What is required. Within the material below, transcribe exactly the lines from the one holding "Bolsa Christian Dior" through the one holding "Load image into", keeping both ends and skipping the rest.
─── Information supplied
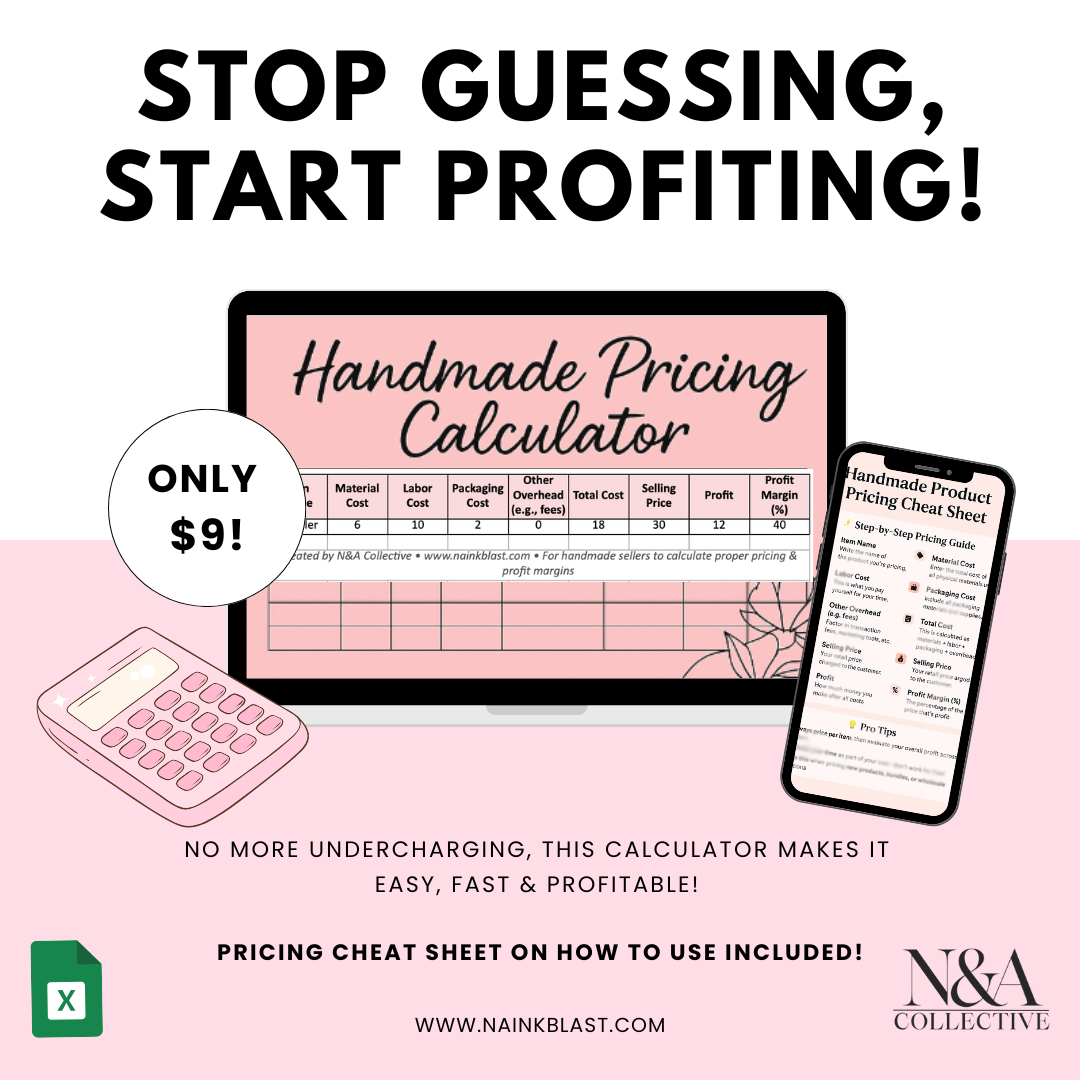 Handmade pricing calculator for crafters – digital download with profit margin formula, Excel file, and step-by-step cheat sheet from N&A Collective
──────
─── Information supplied
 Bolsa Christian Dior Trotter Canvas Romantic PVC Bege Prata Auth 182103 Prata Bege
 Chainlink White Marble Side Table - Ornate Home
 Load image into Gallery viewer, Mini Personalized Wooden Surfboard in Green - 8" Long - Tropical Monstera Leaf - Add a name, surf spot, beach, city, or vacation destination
──────
Solution to the problem.
 Bolsa Christian Dior Trotter Canvas Romantic PVC Bege Prata Auth 182103 Prata Bege
 Chainlink White Marble Side Table - Ornate Home
 Load image into Gallery viewer, Mini Personalized Wooden Surfboard in Green - 8" Long - Tropical Monstera Leaf - Add a name, surf spot, beach, city, or vacation destination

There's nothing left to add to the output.